Rugby Science Update 6
The role of player mass and contact speed on head kinematics and neck dynamics in rugby union tackling
This study aimed to use multi- body modeling simulations to examine how tackler and ball carrier mass and contact speed affect inertial head kinematics and neck dynamics. Simulations were run by independently varying the ball carrier and tackler mass (from 60 to 110kg) and speed (from 0 to 10 m/s). Peak resultant inertial neck dynamics (force and moment) and head kinematics (linear acceleration, angular acceleration, and angular velocity) were extracted from each simulation.
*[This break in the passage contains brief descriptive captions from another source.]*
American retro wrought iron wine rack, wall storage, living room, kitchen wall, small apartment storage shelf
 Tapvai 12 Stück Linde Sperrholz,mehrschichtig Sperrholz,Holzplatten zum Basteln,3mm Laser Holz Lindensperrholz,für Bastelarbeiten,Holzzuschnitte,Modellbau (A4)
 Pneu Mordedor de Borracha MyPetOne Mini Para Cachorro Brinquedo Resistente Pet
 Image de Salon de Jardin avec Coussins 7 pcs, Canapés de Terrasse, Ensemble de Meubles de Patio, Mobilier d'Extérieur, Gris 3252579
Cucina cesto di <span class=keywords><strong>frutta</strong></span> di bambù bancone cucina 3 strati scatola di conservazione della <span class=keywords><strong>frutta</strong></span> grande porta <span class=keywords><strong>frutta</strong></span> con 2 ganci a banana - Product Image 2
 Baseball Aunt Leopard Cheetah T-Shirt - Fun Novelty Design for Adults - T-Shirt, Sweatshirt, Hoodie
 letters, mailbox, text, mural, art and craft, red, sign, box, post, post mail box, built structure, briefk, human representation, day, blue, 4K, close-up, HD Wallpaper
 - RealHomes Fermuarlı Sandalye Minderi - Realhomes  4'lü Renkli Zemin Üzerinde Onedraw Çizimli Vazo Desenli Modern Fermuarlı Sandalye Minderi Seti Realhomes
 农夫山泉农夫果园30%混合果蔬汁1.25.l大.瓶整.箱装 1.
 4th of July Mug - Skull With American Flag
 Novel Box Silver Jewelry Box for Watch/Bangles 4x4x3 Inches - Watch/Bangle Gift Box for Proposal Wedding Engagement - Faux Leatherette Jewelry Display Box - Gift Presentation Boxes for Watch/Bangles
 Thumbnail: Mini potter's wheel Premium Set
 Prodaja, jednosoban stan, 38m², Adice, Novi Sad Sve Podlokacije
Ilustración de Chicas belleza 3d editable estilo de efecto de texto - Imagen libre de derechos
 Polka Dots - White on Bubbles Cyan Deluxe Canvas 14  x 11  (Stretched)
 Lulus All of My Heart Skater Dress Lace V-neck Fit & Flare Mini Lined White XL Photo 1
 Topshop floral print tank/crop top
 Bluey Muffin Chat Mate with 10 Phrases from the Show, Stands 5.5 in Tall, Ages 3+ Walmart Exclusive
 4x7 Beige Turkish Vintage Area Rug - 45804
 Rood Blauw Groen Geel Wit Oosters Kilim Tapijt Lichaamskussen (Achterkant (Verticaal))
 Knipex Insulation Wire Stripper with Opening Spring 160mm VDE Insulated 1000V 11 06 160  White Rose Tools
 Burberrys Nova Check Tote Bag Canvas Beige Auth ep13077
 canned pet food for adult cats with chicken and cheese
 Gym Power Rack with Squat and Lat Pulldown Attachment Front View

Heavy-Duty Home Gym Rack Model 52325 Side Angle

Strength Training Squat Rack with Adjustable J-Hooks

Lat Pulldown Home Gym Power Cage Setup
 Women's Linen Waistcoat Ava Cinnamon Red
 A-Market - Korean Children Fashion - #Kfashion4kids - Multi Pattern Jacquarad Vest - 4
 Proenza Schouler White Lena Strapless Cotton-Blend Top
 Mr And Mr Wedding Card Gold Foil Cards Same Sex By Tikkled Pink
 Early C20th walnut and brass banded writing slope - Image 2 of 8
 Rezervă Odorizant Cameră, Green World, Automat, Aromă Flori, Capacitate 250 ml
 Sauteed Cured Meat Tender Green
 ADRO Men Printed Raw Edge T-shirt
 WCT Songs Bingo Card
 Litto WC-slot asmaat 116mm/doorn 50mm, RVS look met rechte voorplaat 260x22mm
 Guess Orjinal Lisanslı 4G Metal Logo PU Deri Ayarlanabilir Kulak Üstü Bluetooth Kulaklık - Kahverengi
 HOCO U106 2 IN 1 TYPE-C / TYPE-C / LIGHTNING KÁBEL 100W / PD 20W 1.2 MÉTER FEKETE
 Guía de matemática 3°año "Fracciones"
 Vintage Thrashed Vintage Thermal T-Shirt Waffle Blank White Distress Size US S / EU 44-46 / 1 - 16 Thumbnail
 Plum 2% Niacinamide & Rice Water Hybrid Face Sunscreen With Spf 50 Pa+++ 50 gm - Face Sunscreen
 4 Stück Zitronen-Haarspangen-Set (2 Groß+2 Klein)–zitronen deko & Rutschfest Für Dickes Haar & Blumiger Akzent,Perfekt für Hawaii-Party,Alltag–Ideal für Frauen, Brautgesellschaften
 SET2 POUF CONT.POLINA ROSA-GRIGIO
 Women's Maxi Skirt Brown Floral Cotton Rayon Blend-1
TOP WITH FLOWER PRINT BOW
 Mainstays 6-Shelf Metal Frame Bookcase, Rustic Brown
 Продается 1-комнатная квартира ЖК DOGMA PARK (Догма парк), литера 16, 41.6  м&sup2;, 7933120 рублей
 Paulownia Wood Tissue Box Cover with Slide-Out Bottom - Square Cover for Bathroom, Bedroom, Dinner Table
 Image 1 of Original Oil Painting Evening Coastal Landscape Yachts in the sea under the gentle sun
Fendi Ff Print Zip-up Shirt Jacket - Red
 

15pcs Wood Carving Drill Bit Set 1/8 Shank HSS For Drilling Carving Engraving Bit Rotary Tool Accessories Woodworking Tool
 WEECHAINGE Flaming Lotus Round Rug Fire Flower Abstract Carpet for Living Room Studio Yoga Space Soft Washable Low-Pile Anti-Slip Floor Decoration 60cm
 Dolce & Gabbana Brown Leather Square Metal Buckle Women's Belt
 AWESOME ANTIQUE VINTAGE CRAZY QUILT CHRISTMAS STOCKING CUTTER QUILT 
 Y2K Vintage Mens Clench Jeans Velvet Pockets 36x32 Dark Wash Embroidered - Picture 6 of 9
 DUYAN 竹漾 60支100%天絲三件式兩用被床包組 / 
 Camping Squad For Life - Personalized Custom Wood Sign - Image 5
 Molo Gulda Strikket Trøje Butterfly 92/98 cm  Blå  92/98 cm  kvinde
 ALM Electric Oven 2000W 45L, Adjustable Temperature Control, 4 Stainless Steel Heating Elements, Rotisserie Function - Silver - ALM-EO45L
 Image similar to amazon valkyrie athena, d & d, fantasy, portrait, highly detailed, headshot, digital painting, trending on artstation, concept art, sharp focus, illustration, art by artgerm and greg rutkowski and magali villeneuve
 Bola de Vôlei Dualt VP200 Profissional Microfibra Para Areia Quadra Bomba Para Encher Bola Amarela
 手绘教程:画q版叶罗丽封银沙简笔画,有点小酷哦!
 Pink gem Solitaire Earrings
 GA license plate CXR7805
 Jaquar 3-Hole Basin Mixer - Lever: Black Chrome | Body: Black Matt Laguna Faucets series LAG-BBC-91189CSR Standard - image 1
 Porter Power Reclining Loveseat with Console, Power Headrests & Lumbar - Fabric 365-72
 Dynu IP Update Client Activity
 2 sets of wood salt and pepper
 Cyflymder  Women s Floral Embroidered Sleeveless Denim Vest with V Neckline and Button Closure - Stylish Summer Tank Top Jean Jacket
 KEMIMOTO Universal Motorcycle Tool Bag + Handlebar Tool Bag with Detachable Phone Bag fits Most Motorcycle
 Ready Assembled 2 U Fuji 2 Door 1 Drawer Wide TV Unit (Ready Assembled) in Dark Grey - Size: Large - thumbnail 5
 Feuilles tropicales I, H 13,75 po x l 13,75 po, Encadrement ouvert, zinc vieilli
The study found that the greatest inertial head kinematics and neck dynamics were sustained by a lighter player during a tackle with a heavier player, irrespective of their role as a tackler or ball carrier. For contact speed, the greatest inertial head kinematics and neck dynamics sustained by the ball carrier and tackler were when they were both traveling at the highest speed.
This study was published in the Scandinavian Journal of Medicine & Science in Sports.
Tierney, G. J., & Tucker, R. (2022). The role of player mass and contact speed on head kinematics and neck dynamics in rugby union tackling. Scandinavian Journal of Medicine & Science in Sports, 32(2), 298-312.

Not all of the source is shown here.